Data records:
-=-=-=-=-
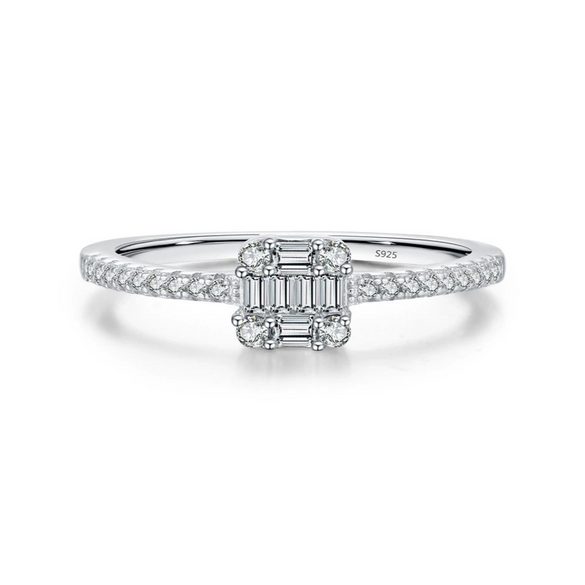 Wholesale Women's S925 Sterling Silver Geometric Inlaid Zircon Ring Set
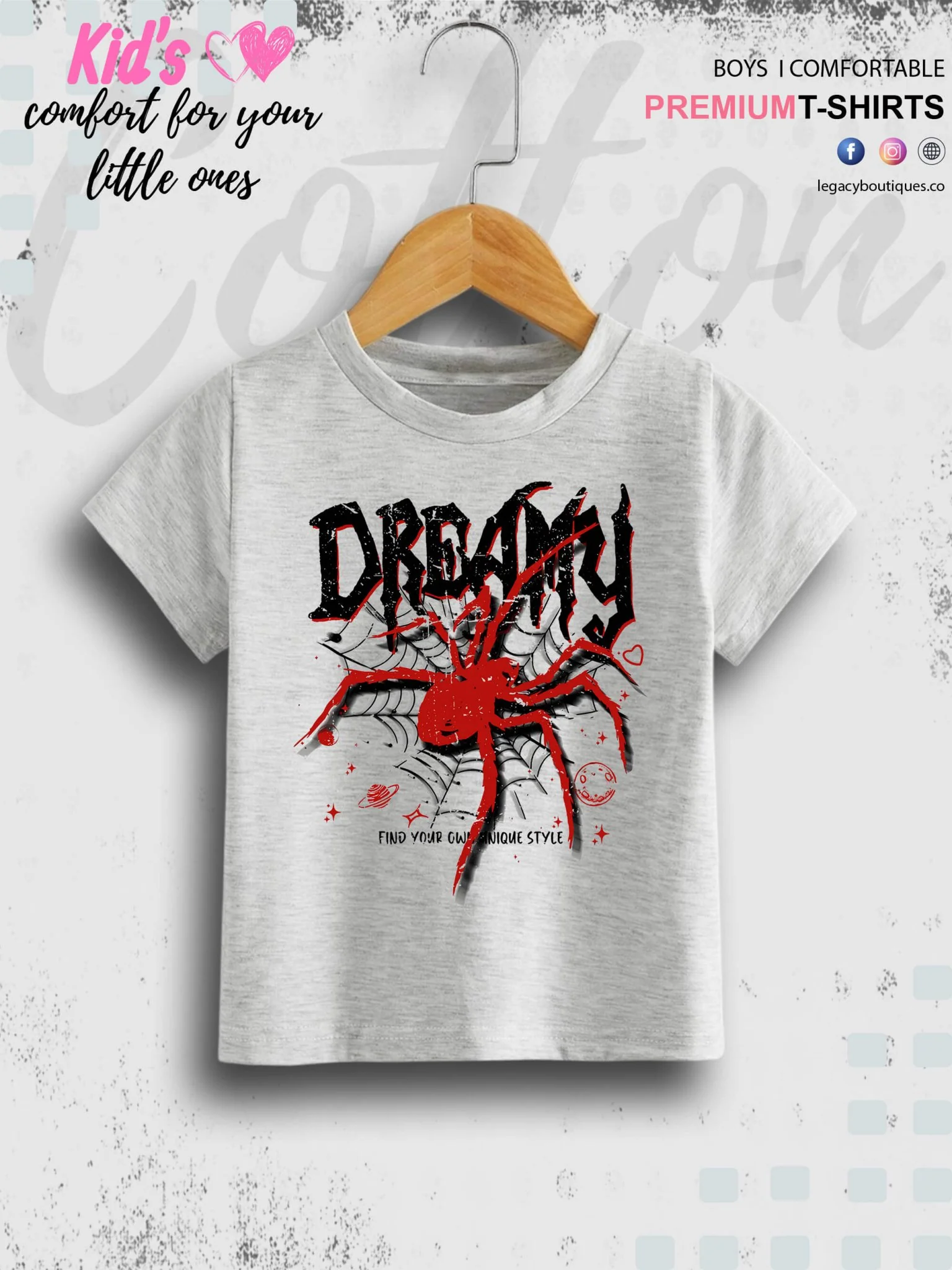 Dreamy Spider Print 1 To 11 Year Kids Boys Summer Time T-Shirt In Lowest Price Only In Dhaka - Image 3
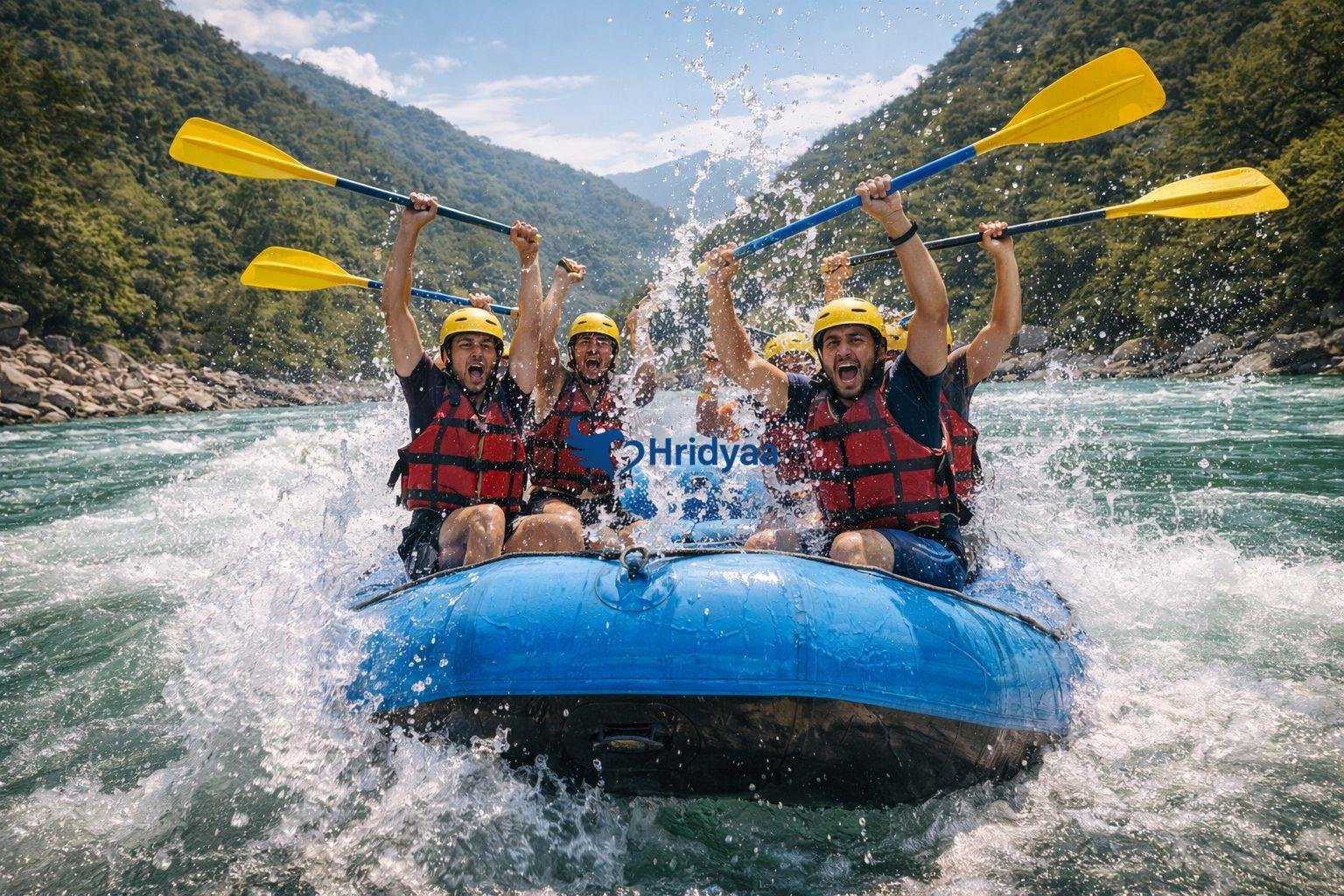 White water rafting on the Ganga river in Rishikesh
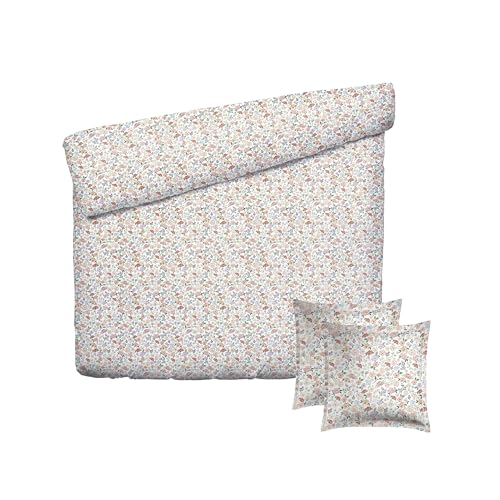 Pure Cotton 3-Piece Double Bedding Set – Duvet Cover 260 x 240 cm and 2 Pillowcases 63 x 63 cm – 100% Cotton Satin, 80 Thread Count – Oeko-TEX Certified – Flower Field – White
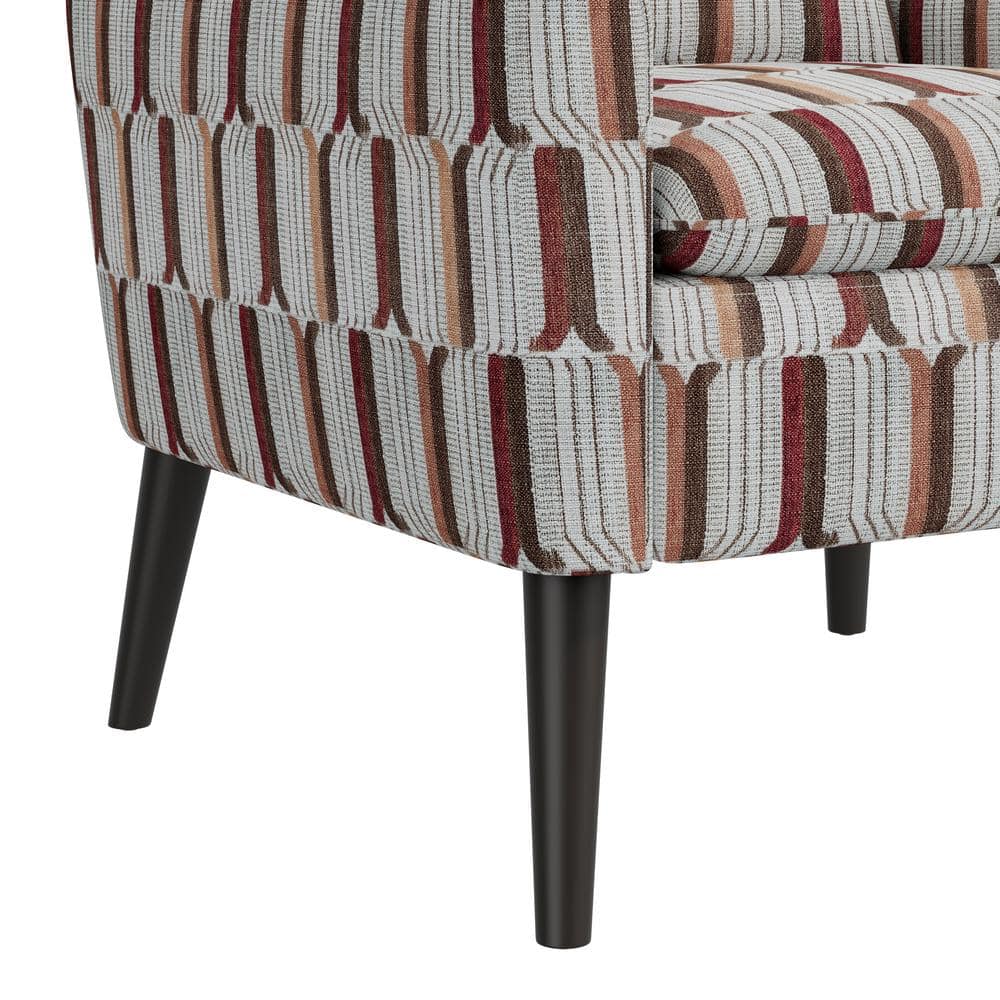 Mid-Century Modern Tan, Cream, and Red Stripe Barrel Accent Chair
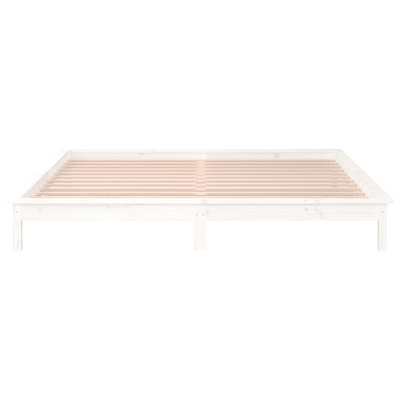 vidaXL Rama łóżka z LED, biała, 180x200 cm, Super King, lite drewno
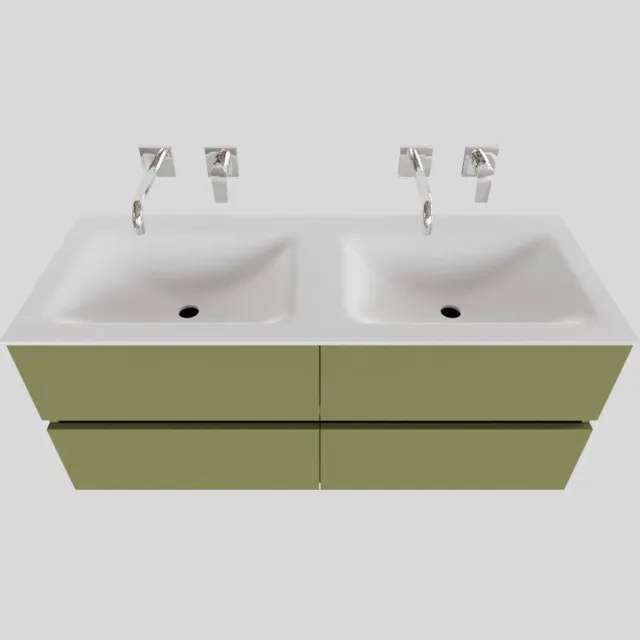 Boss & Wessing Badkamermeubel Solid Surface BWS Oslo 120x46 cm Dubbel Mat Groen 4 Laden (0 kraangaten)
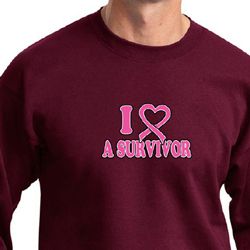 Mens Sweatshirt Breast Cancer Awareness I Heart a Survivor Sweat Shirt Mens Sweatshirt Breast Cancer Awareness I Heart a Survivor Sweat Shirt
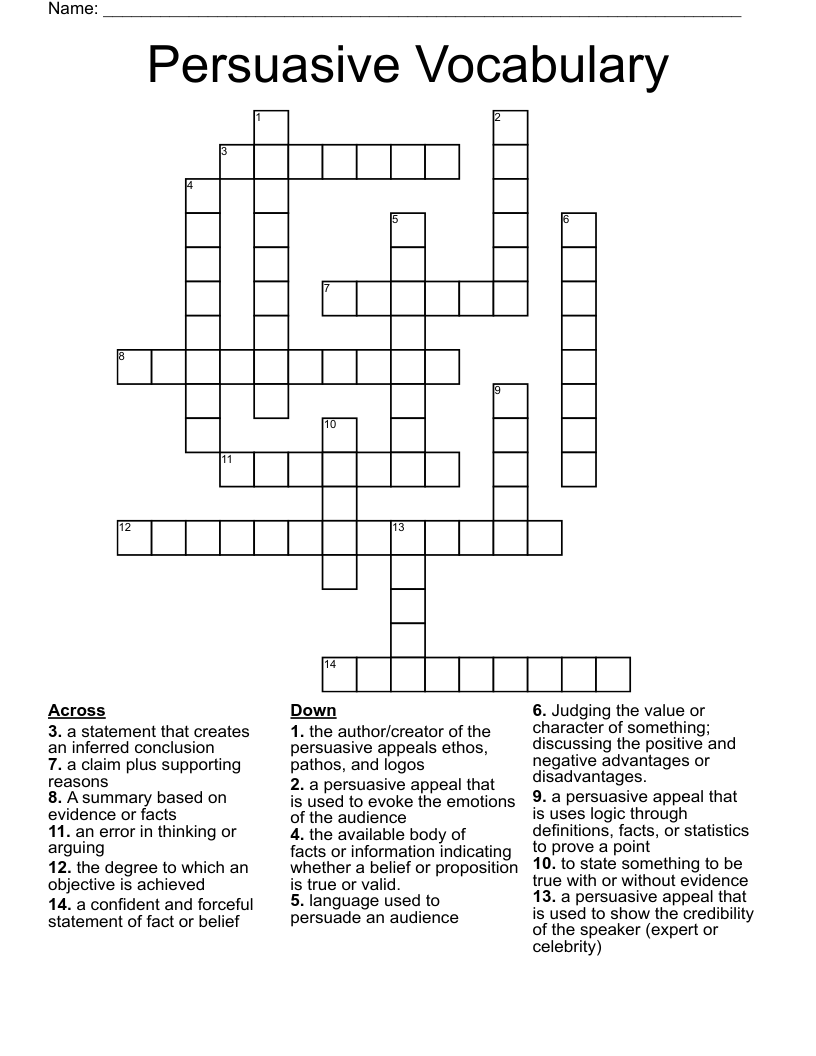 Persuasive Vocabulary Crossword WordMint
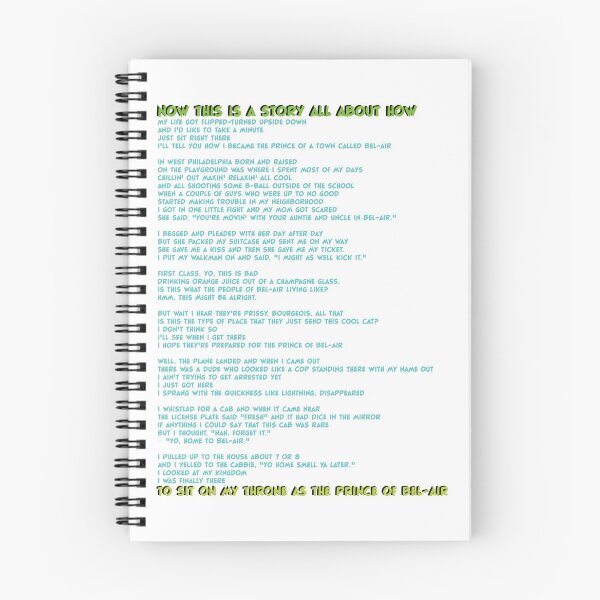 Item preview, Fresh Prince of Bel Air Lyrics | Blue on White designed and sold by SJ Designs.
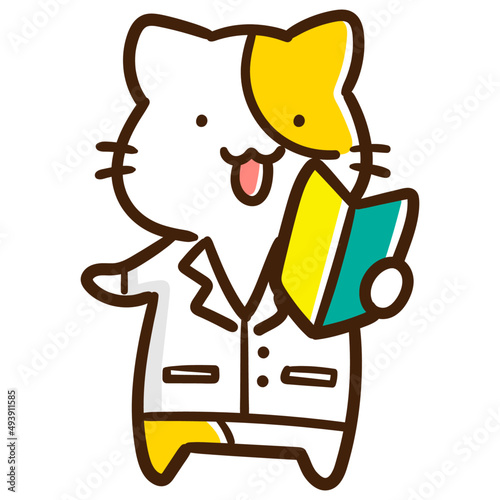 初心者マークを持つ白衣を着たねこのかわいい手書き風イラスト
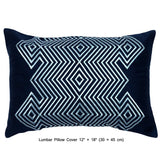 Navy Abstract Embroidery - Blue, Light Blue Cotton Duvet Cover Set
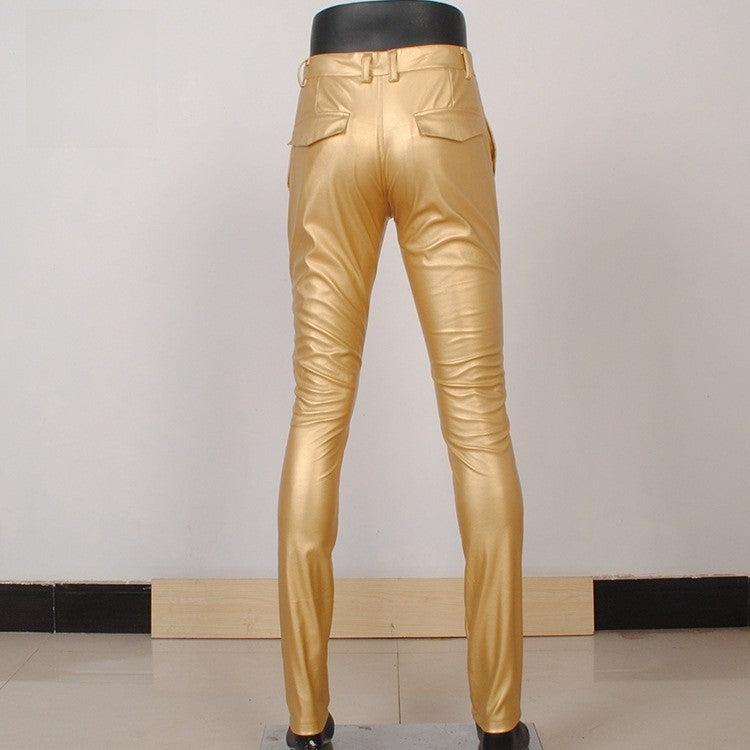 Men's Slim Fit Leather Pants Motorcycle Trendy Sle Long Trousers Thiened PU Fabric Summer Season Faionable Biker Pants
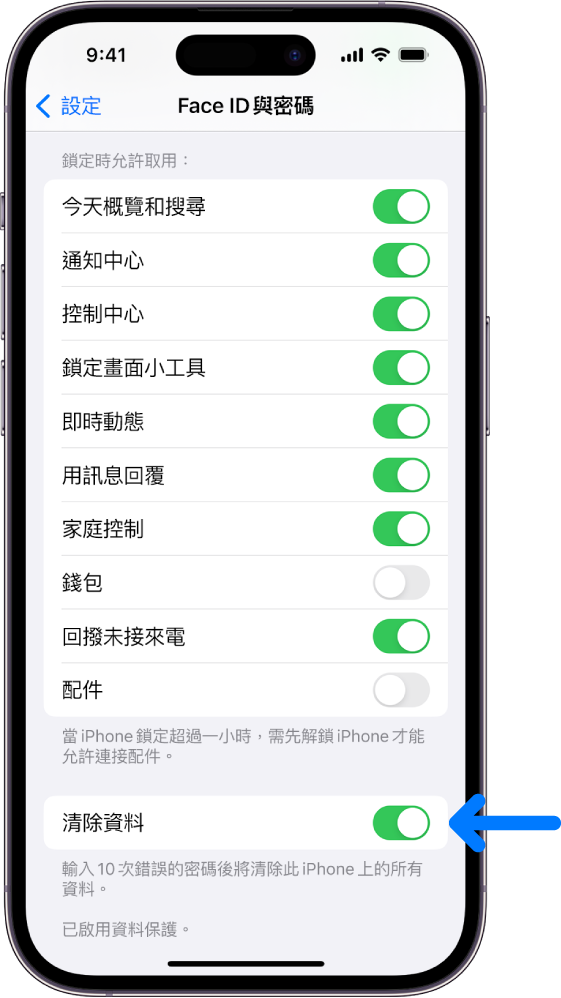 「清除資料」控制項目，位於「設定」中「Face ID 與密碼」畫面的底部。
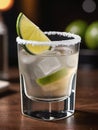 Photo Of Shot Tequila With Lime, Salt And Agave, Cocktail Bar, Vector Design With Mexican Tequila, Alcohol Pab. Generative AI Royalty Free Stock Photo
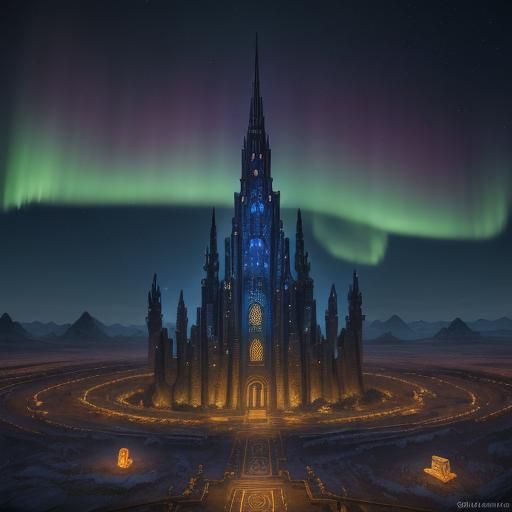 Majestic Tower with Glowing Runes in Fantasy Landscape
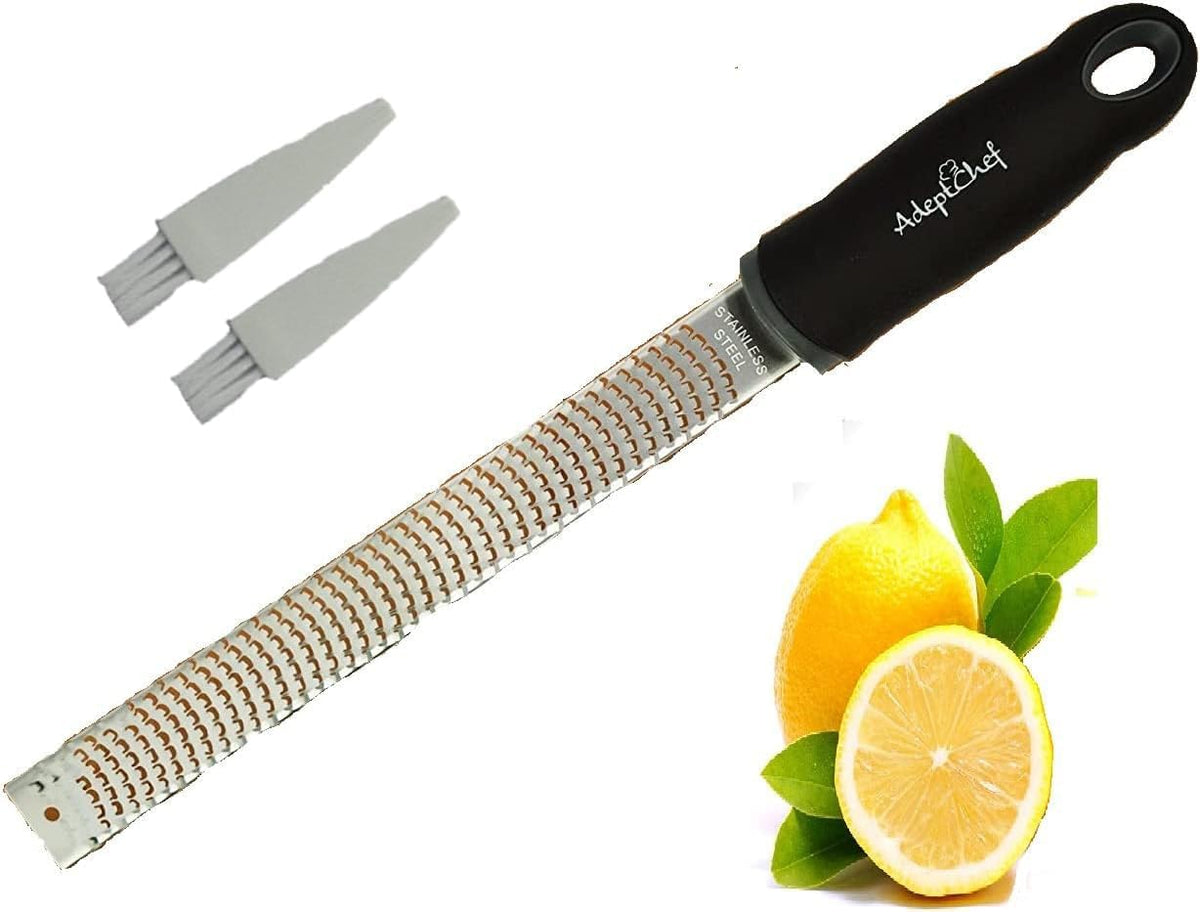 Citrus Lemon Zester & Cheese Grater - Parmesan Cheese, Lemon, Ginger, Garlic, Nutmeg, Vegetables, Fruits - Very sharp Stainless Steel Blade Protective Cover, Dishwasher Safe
-=-=-=-=-
* [What you need to do]: Which part of the entries opens with the line containing "Mid-Century Modern Tan, Cream, and" and closes with the line containing "Navy Abstract Embroidery"? Output that part exactly, ends included, pictures excluded.

* [Answer section]:
 Mid-Century Modern Tan, Cream, and Red Stripe Barrel Accent Chair
 vidaXL Rama łóżka z LED, biała, 180x200 cm, Super King, lite drewno
 Boss & Wessing Badkamermeubel Solid Surface BWS Oslo 120x46 cm Dubbel Mat Groen 4 Laden (0 kraangaten)
 Mens Sweatshirt Breast Cancer Awareness I Heart a Survivor Sweat Shirt Mens Sweatshirt Breast Cancer Awareness I Heart a Survivor Sweat Shirt
 Persuasive Vocabulary Crossword WordMint
 Item preview, Fresh Prince of Bel Air Lyrics | Blue on White designed and sold by SJ Designs.
 初心者マークを持つ白衣を着たねこのかわいい手書き風イラスト
 Navy Abstract Embroidery - Blue, Light Blue Cotton Duvet Cover Set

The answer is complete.